I am implementing an n-body simulation.
Here’s the relevant code:
https://gist.github.com/wulfihm/47660970572343d9ceb60e812ff0455b
blockDim.x is 128, as is THREADS_PER_BLOCK.
(If you want to see the rest, here: GitHub - hwulfmeyer/N-Body-Simulation: small project for a n-body simulation for cuda & single threaded
But shouldn’t be necessary.)
The code in line 13-16 should result in bank conflicts but when I am profiling with nvprof “nvprof --events shared_st_bank_conflict ./nbodysim.exe” it tells me that I don’t have any.
You think I should be happy about that but it’s driving me mad because on my laptop it tells me I have bank conflicts.
My desktop pc uses a GTX 960 (CC 5.2), my laptop NVS4200m (CC 2.1). Both with CUDA 8.0.
Why do I think there are bank conflicts?
Float4 is 16bytes, so one float4 should reside in the first 4 banks (1 bank has 4byte).
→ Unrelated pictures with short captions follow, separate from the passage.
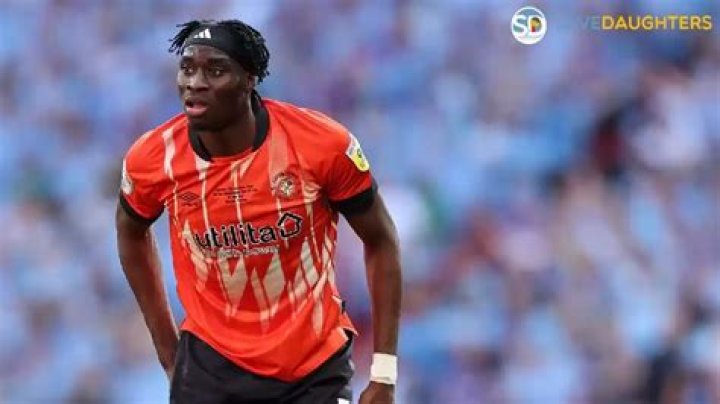 Elijah Adebayo Bio, Age, Height, Parents, Girlfriend, Net Worth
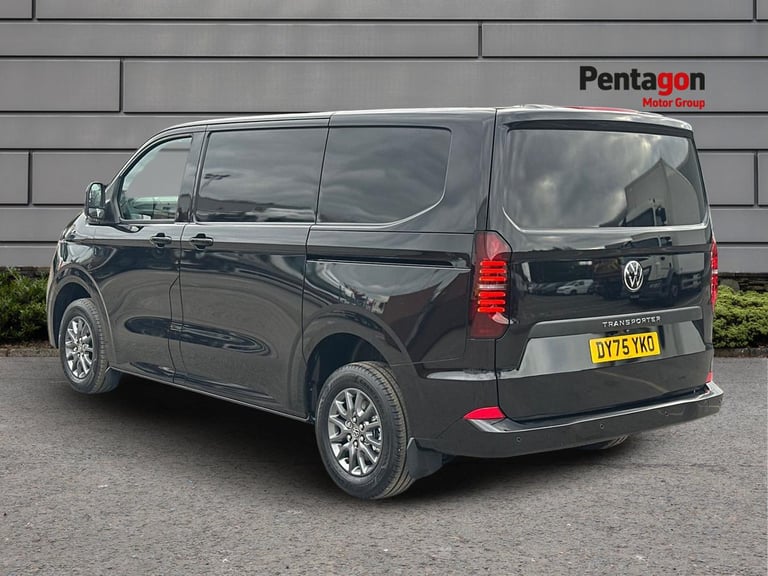  Volkswagen Transporter Panel Van 2.0 Tdi T28 Commerce Pro Panel Van 5dr Diesel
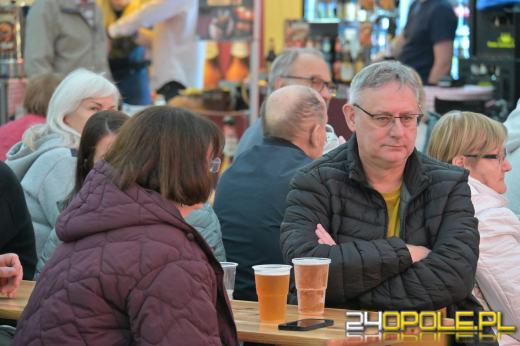 Pierwsza beczka odszpuntowana na opolskim Rynku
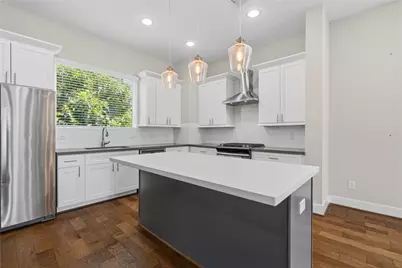 2102 Bello Amanecer Lane, Houston, TX 77055 - Photo 10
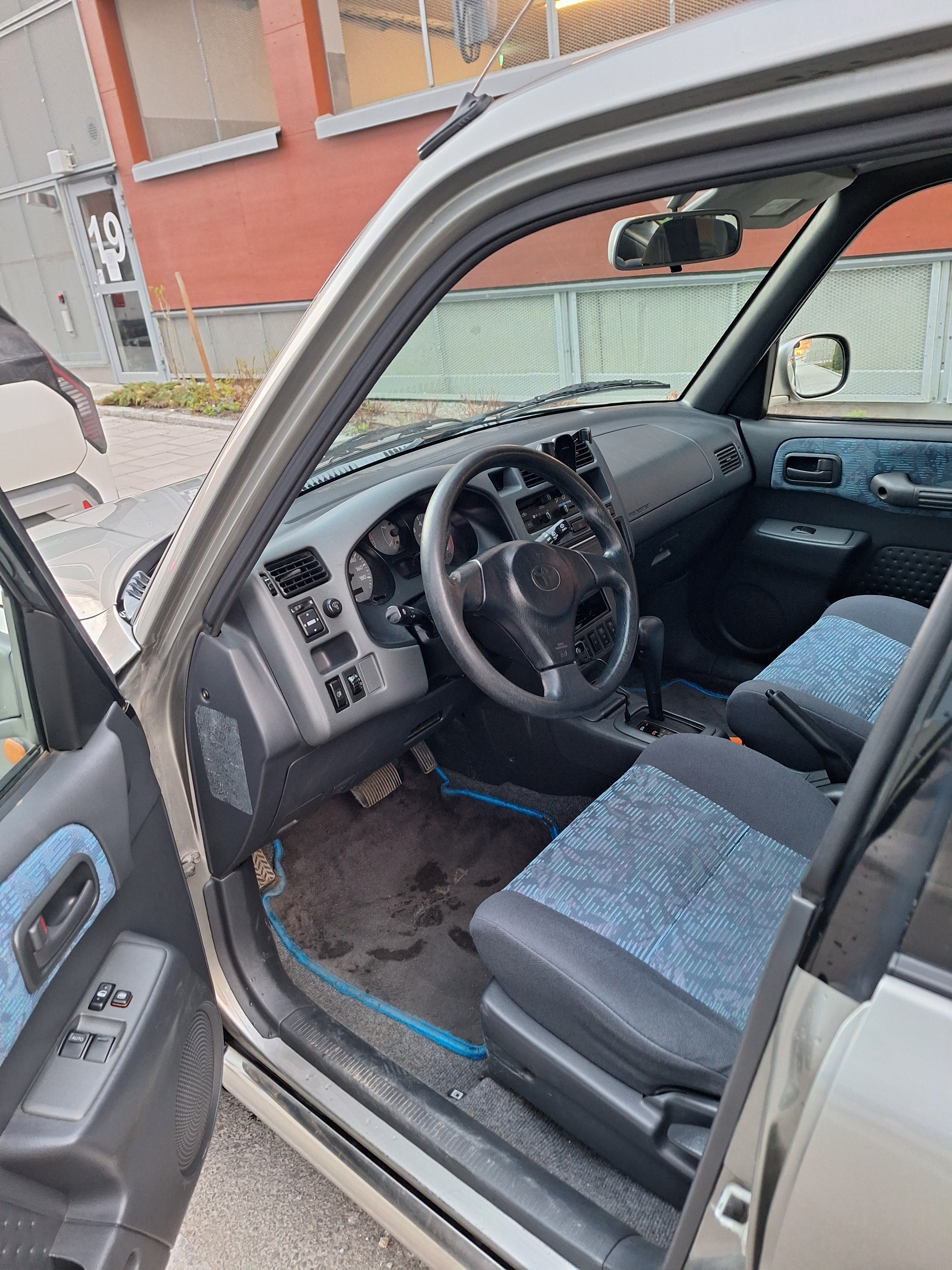 Toyota RAV4 5-dörrar 2.0 4WD Automatisk 2000, bild 2/9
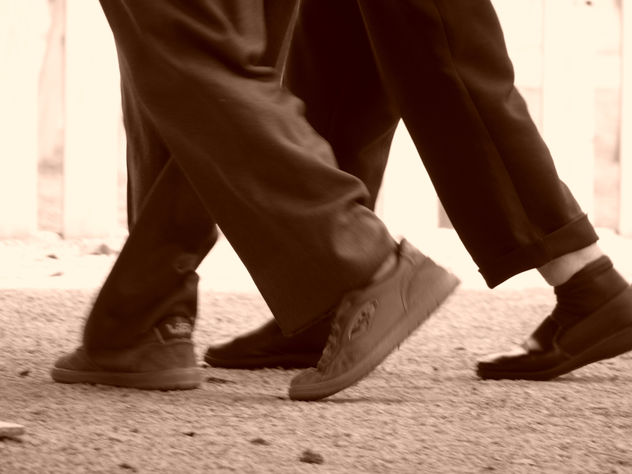 CAMINANDO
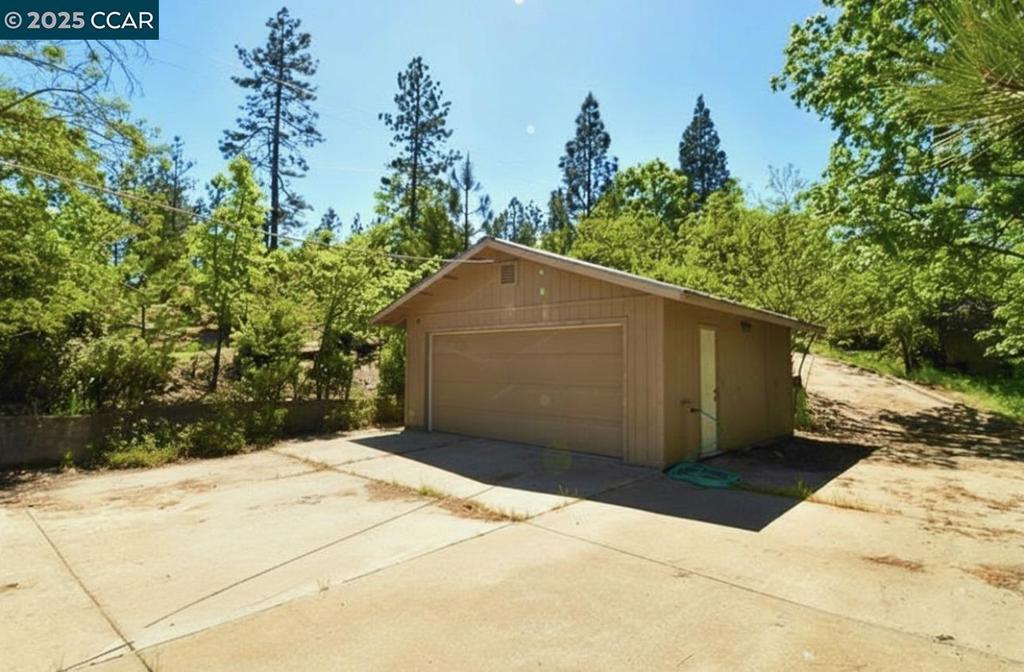 9687 Manzanita Way, Coulterville, CA 95311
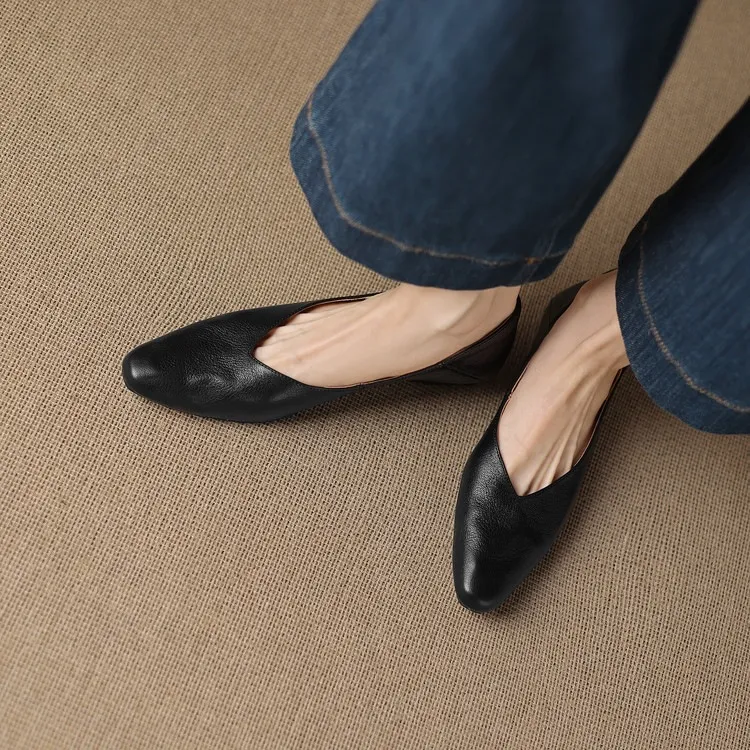 Comfortable flat Korean style low-cut women's shoes for spring and autumn, made of first-layer sheepskin, square toe, soft, single shoes with low heels.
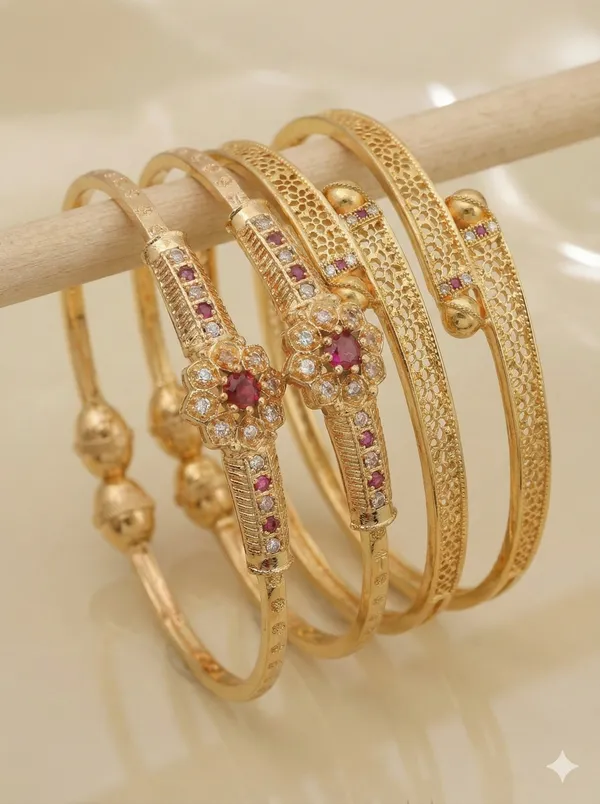 Micro_Gold_Plated_AD_Diamond_Studded_Floral_Designer_Bangle_Set_(Pack_of_2)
So smPos[i].x, smPos[i+8].x, smPos[i+16].x, … and so on should all reside in the same bank. For 32 warps that makes a 8(I think) way bank conflict. I am accessing x,y,z,w, that makes 4*8 way bank conflicts per 32 warps per thread.
So I thought, maybe nvprof is erroneously reporting 0 bank conflicts and I tried to implement code that wouldn’t produce bank conflicts.
struct float4pad{
float x,y,z,w,pad;
};
That should fix it when I use this for my shared memory variable. And yes, nvprof still tells me 0 bank conflicts as expected. The speed also roughly stays the same, so nvprof is not faulty.
Funnily enough when I use a struct with float4 like so:
struct float4pad{
float4 body;
float pad;
};
I get bank conflicts.
So it seems float4 has a different behaviour regarding memory than normal floats. One explanation would be that float4’s are all saved into the same bank and thus we don’t have bank conflicts since we have linear accessing.
So what is happening with float4 on the cuda device? Strangely I couldn’t find an answer anywhere. Since I can observe a different behavior regarding float4 on my laptop with and older card I think it has to do with the compute capability and a feature for float4 probably.
Thanks in advance!